MD was a very fun favorite boyfriend of the 80’s.  He was a bartender and server at an upscale restaurant and all his fellow workers were very fun, get off work at midnight and party people.  Peter Pan at his finest.  We had a blast together.  His downfall was he began doing coke and I’m kinda square and think that’s a bad drug.  His story is I tossed him out.  My story is it took me three days to find him to give him his stuff back.  We’re friends still and speak from time to time.

Who else? There was CR who had a 9 to 5 job and was interested in many of the things I was.  We spent hours talking on topics and just hanging out together in the evenings.  We are both interested in personal growth and so early on told each other what our bad habits in past relationships have been.  He told me he had self esteem issues and in the past had allowed women to take care of him.  That tipped the balance of power and changed how he felt about them, and made him lose respect for them.  He did not drink or drug but spent a lot of time gambling at a local club.  He always had money problems.  A few months in, a week after I told him I wasn’t going to pay for everything all the time anymore, he sent me an email saying he did not want to spend time with me anymore.  Rejection is protection.  Years later, we’re still friends.

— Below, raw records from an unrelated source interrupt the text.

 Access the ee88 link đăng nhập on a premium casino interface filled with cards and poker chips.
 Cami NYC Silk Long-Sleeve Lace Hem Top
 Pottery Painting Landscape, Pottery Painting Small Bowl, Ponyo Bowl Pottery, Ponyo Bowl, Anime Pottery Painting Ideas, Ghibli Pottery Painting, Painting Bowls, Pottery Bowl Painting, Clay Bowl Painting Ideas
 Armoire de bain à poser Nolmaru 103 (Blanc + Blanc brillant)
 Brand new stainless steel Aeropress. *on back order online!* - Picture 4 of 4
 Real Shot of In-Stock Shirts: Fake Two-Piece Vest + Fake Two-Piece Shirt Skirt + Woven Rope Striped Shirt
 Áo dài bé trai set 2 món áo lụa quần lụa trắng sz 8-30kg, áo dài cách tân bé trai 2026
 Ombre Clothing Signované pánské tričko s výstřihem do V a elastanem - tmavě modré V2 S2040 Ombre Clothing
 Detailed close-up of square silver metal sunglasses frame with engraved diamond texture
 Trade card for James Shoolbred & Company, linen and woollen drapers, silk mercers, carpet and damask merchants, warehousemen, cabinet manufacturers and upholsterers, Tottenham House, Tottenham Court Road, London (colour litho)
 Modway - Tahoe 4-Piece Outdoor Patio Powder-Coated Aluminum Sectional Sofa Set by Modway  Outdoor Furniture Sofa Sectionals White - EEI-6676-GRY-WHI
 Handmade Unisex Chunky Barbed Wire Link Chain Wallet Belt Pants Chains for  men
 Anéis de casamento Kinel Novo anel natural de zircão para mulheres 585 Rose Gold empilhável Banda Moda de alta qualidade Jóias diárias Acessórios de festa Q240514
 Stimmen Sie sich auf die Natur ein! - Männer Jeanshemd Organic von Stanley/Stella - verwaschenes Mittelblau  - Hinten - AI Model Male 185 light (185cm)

DG was a real favorite, kind, sensitive, thoughtful, caring, industrious, smart, creative, fun, adventurous.  His downfall was wrong time, wrong place.  I was going through a period of wanting solitude and he was coming out of a period of solitude, wanting a forever partner. I wanted to want that.  He married a mutual friend and they are both very good friends of mine and we speak often.

MB was the most recent, we had gardening and native plants in common, we had fun doing a newsletter together and we liked the same kind of music.  He told me he didn’t drink alcohol and that he took prescription drugs for depression.  His downfall was he could be very pessimistic and oh, right, showing up drunk at my door, after being told Don’t show up drunk, call and cancel and it will be cool.  My bad was not letting him know the first time how serious I was, especially since he combines the rx and drinking. After the second time, I told him I wouldn’t do that again.  We’re still friends and speak from time to time.

They were all the perfect boyfriend at the time. It took me a long time to realize that boyfriends don’t have to turn into husbands and marriage doesn’t have to last forever and fighting doesn’t mean you get divorced.  I’ve learned to just enjoy the Now, whatever is in my Now at the time.  That means whether I have a Valentine or not.

And mostly I don’t have a Valentine because I’ve learned: if it ain’t broke, don’t try to fix it.